Teríamos ainda que apresentar uma terceira razão: a extraordinária harmonia do livro, impressionante na sua intimidade, cujo equilíbrio vem não só na história mas também na criação de personagens, no desenvolvimento de enredo, na elaboração das cenas e dos cenários. Numa obra de absoluta criatividade, tudo isso é fundamental e nos leva a refletir sobre a construção de um universo literário.
Nunca em cidade congraçados vivem
Ofendido e ofensor. No âmago alojas,
Pelides servo, um coração de bronze,
Por conta de uma escrava, e te ofertamos
Hoje beldades sete e mil presentes!
Bane o despeito, reverente aos lares;
Escolha dos Aquivos, tens em casa
Amicíssimos teus que mais estimas.
Observe-se aí o equilíbrio entre a narrativa, a interpretação dos personagens e a força do narrador onisciente. Uma grande e extraordinária razão para se ler a Ilíada no mundo desordenado, confuso, caótico do nosso século. Uma lição para os aprendizes de escritor e um deslumbre para os leitores convencionais. Até porque as palavras parecem se unir em plena iluminação e ordem, não se tornando desnecessárias. Uma brilhante aula de Homero, se é que este escritor existiu mesmo algum dia. E se não existiu, os louvores ficam por conta de quem reuniu estas palavras até que se chegasse a esta harmonia fantástica.
Em certo sentido, a Ilíada chega a ser mais harmônica do que a Odisséia, incluindo ainda o elemento erótico e sensual, profundamente identificador do nosso tempo, em que se ressaltam mais as qualidades do corpo do que da alma — embora já esteja mais do que suficientemente provado que a alma, de certa forma o inconsciente que acolhe a libido, é que é verdadeiramente erótica. Nesse instante pensamos, por exemplo, em Adélia Prado, cuja exclamação é suficientemente conhecida: A alma é erótica. Algo que vem mesmo das civilizações antigas. Nós é que ressaltamos, com exagero, o corpo, pelo costume de materializarmos e vulgarizarmos tudo o que nos envolve.
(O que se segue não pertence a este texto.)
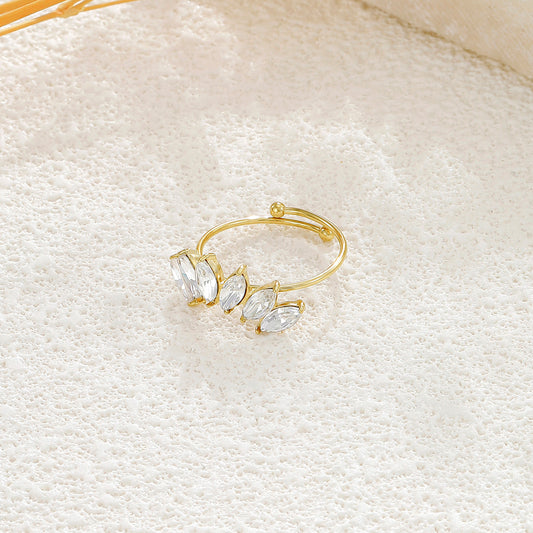 Bague dorée ajustable fine 6 strass pétales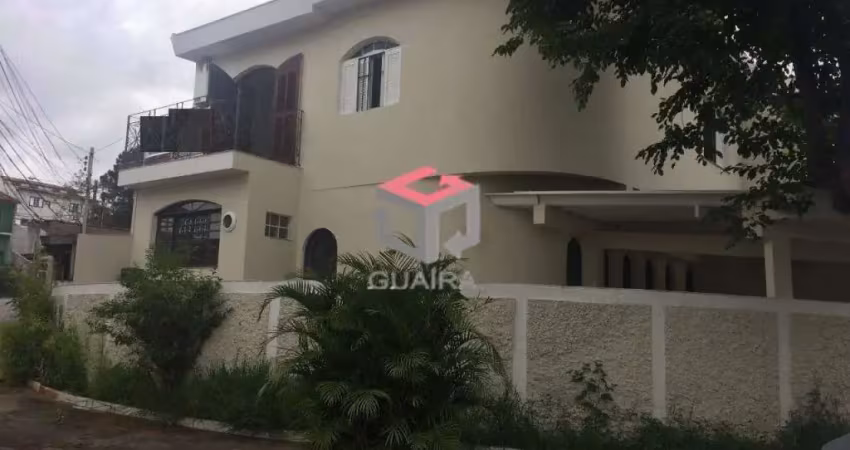 Sobrado de 117m² no Pq. Jaçatuba em Santo André - SP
A quarta razão é que com a Ilíada nasceria o verdadeiro romance burguês, antecipando-se em séculos a Dom Quixote, de Cervantes: capaz de interpretar nossas complexidades e mesquinharias, sobretudo esta última, já que existimos num mundo menor, alimentado em quatro paredes, no segredo de cobertores e lençóis.
Daí concluiríamos que a mais absoluta e verdadeira razão — a quinta para voltarmos a ler a Ilíada, em meio a tantas inquietações e angústias — é que se trata de um livro moderno e contemporâneo, a revisar nossos conceitos de vida e de mundo, a nos jogar para o alto e o grandioso, a nos recompor com os braços e a ternura de Deus.